↓↓↓

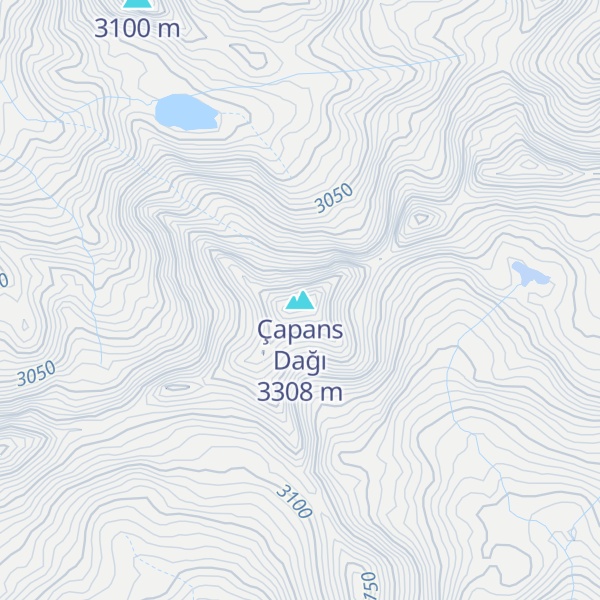 Map of Çapans Dağı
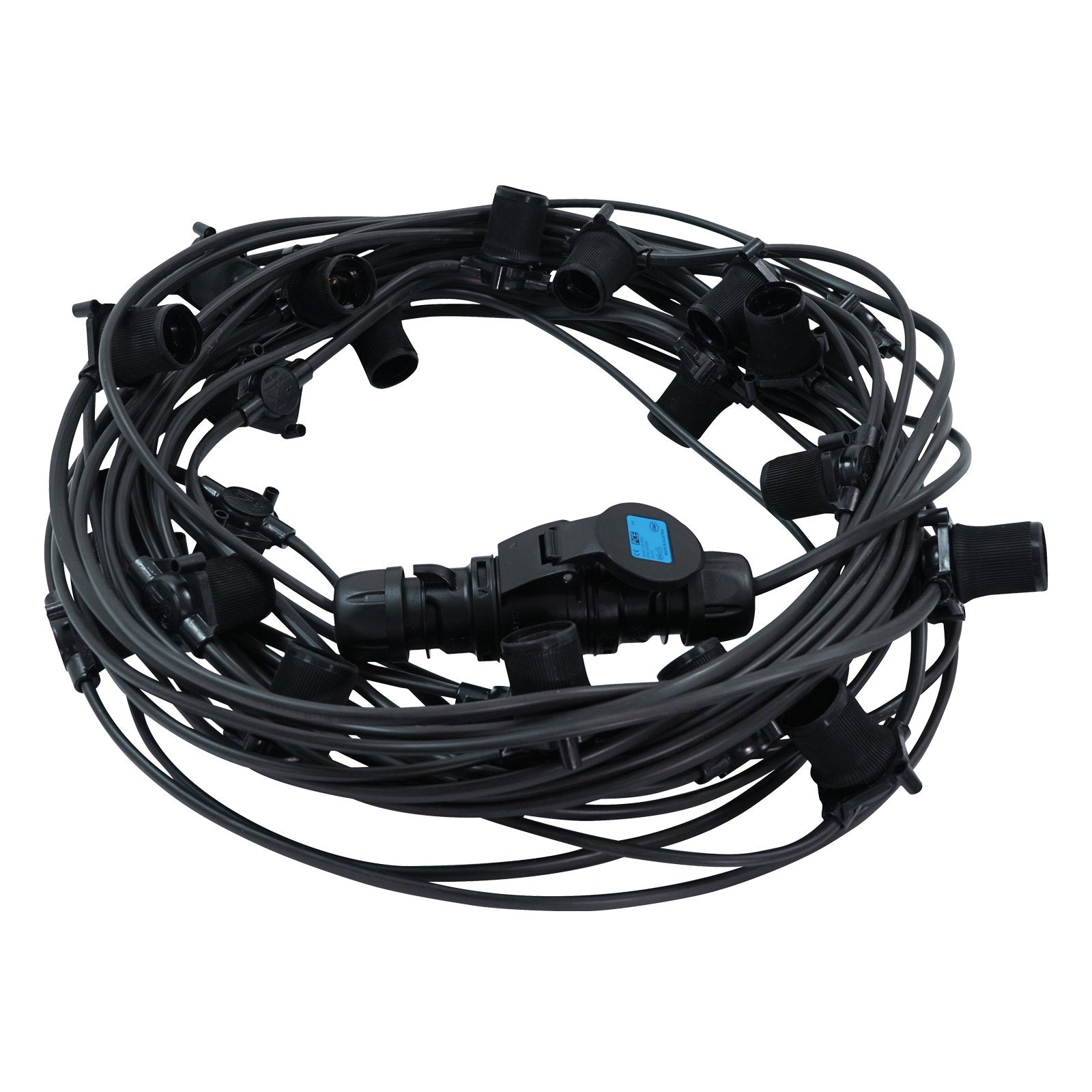 PCE 10m ES Festoon 0.3m Spacing - Back Panel and Connections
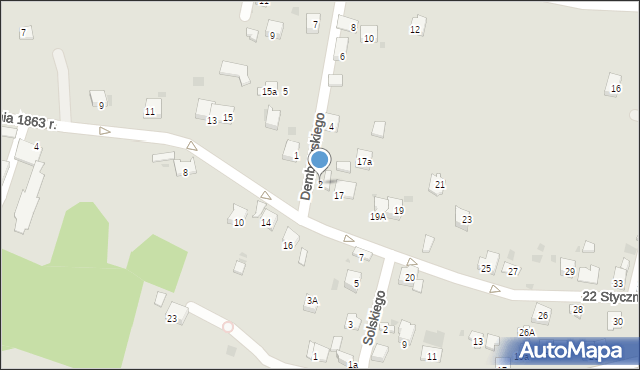 Trzebinia, Dembowskiego Edwarda, 2, mapa Trzebinia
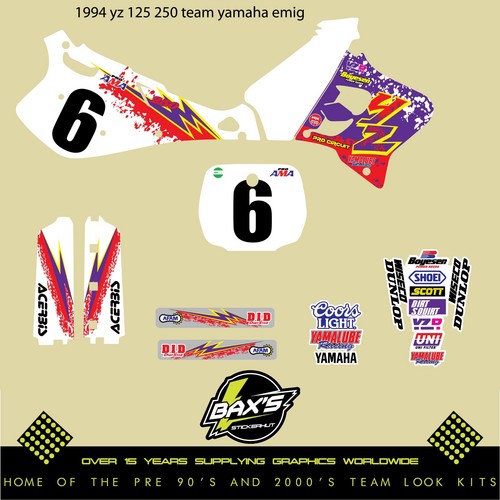 1994 yamaha 125 yz250 team - yamaha,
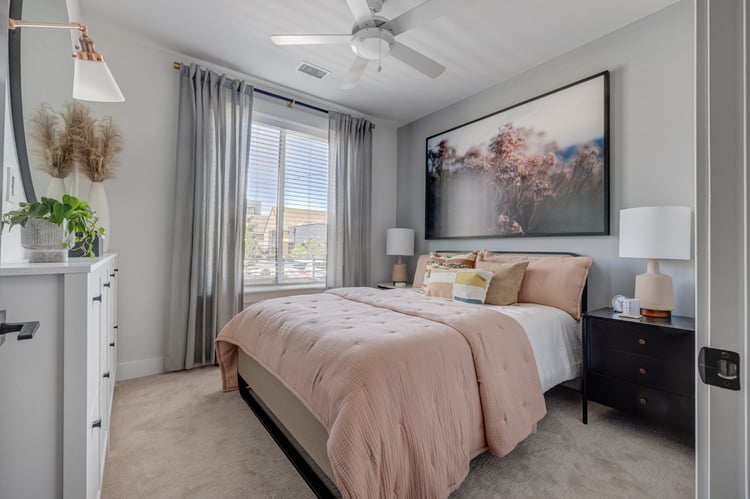 Bedroom at MAA at Daybreak luxury apartment homes in South Jordan, UT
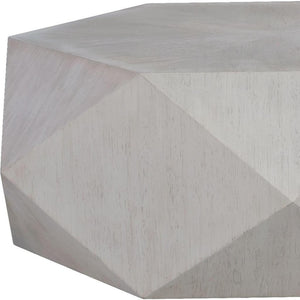 HomeRoots 50" Black Wood Hexagon Block Coffee Table - Modern Rustic Design, No Assembly, Perfect for Any Space! 714209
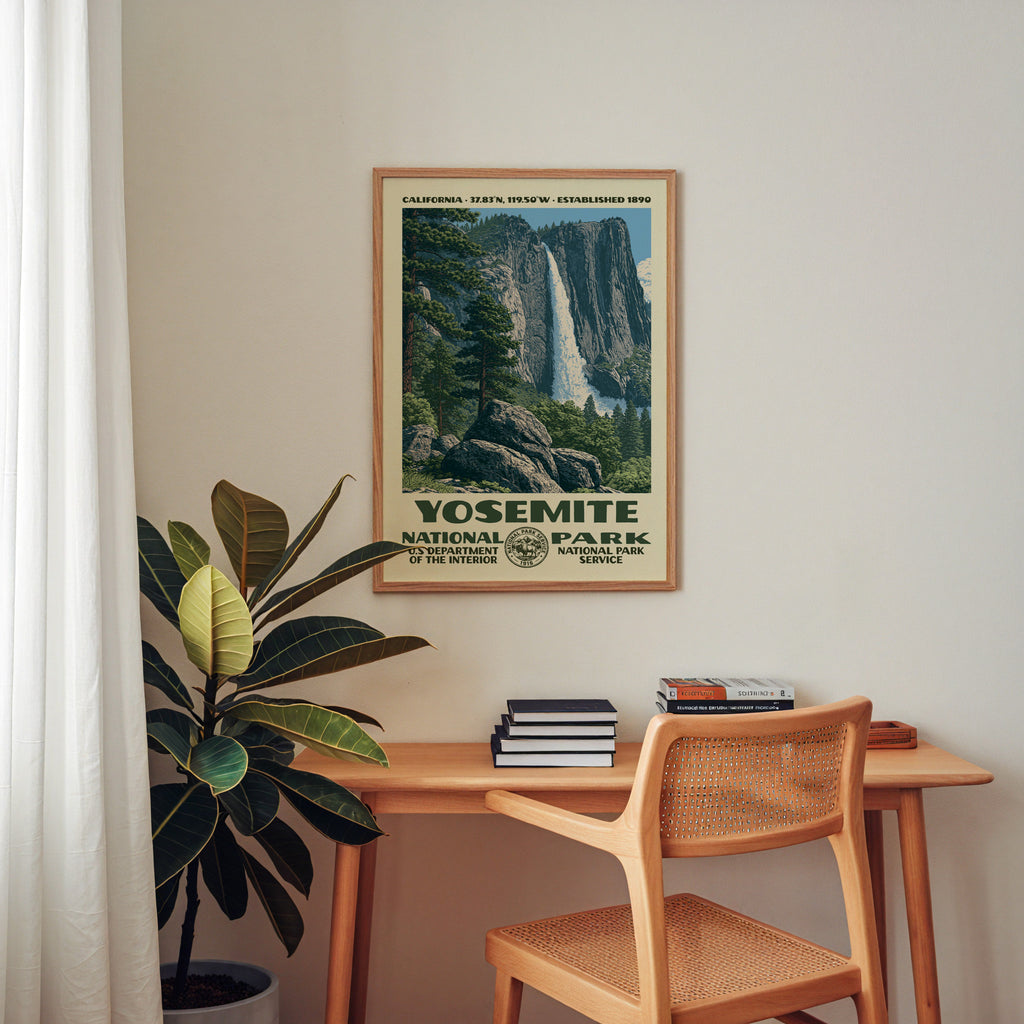 Yosemite National Park Vintage WPA Art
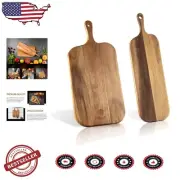 Lightweight Acacia Wooden Cutting Boards with Handles - Easy to Clean and Serve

↑↑↑

Work required ▸
Exact repetition of each line above is expected; images are to be omitted.

Response area ▸
 Map of Çapans Dağı
 PCE 10m ES Festoon 0.3m Spacing - Back Panel and Connections
 Trzebinia, Dembowskiego Edwarda, 2, mapa Trzebinia
 1994 yamaha 125 yz250 team - yamaha,
 Bedroom at MAA at Daybreak luxury apartment homes in South Jordan, UT
 HomeRoots 50" Black Wood Hexagon Block Coffee Table - Modern Rustic Design, No Assembly, Perfect for Any Space! 714209
 Yosemite National Park Vintage WPA Art
 Lightweight Acacia Wooden Cutting Boards with Handles - Easy to Clean and Serve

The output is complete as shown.